Where are you living that you can't watch? It's over the air and up on Peacock and Hulu the next day.
I've had lousy luck with antennas in my house. Yeah, I'm gonna pay, what, 50 bucks a year to watch ONE SHOW?
Yea that's a new spin on it. Didn't mind it. And Dylan McDermott played a good bad guy. Spoiler: show stuff Not thrilled with how both SVU and the new show handled Elliott and Olivia, character wise. The whole Kathy thinking that he cheated on her with Olivia makes no sense as she got along with her well. I remember him almost cheating, but it was with another woman and not Olivia. And the running off bit in the other show, hello Olivia, what do expect? He is busy working a case. It's not personal. (In regards to talking to her right away.) Wish the scene was done a bit differently though. Like him just letting her know he is busy with a case, he'll get back to her when he can. And I hated Olivia brushing him off during the snow scene. That bit screamed Warren Leight influence and so did the Kathy one imo.
Oh, for fuck's sake, I know you're smarter than this. Hulu will give you up to a one-month free trial, so at most you'd be out $5.99 for the last two weeks of OC. And there's other shows and movies on there to watch besides just that one.

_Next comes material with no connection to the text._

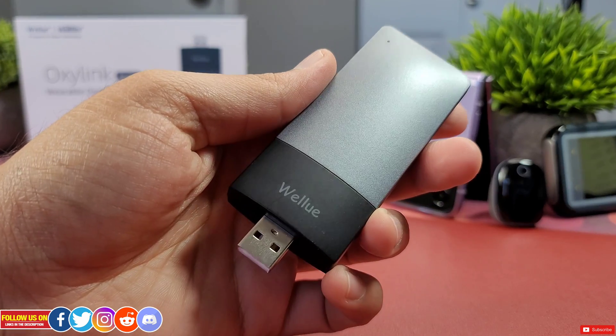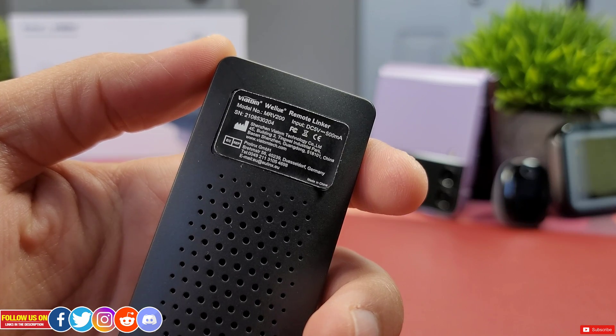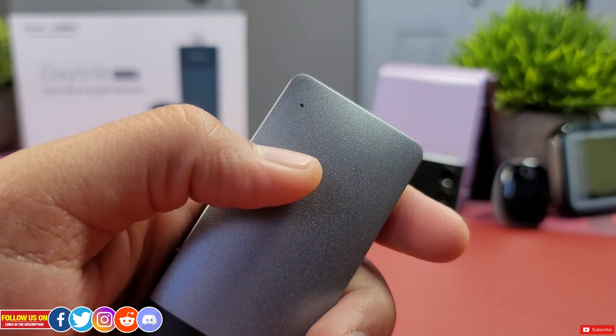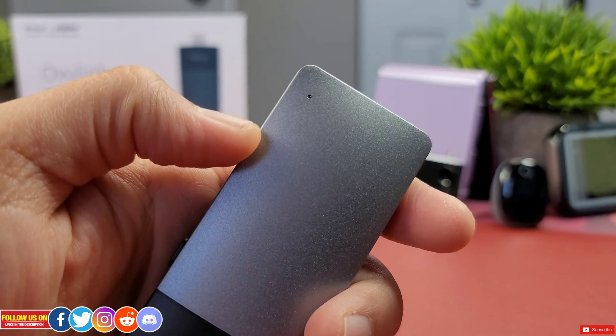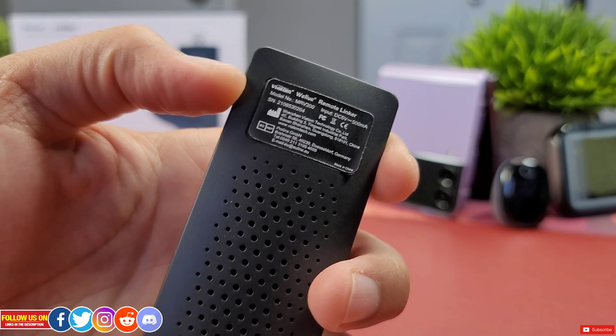The remote linker is like a Wi-Fi dongle or adapter and is plug-and-play — just plug it into any USB Type-A adapter and you're all set. There is a button on the right side, an LED indicator on the top left corner, and a few details at the back.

Or, as Aragorn and Starbreaker both pointed out, you can watch them on NBC.com or Peacock for free with a shit-ton of ads.
If you want to wait until the season is over and then binge it, Peacock has a seven-day trial and Hulu has a one month trial. And a longer free trial offer might pop up before then. Also, one streaming service subscription is pretty damn cheap, especially if you compare it to being locked in for x amount of months subscribing to cable.

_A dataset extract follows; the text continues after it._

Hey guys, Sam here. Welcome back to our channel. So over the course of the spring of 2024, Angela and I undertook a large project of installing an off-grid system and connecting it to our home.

You live in Omaha proper, right? Omaha's metro population is like four times the size that of Madison, Wisconsin, where I live, and I live in a semi-rural area of the city, surrounded by forestry, and I guarantee you that the broadcast towers in Omaha are a hell of a lot more powerful than the ones here in south-central Wisconsin. I use a $12 set of rabbit ears that I bought from Radio Shack like eight or nine years ago, and I get almost every broadcast channel in the area without any interference. I'm thinking your issue isn't the antenna. Or just wait for the series to run its first season and then use a free month-long trial of Hulu or Peacock to burn through the eight episodes? Really, 90 seconds' worth of ads a few times in an hour isn't exactly a huge burden to bear. True Crime didn't get another season because A) no one watched it and B) Ryan Murphy did the concept better with American Crime Story.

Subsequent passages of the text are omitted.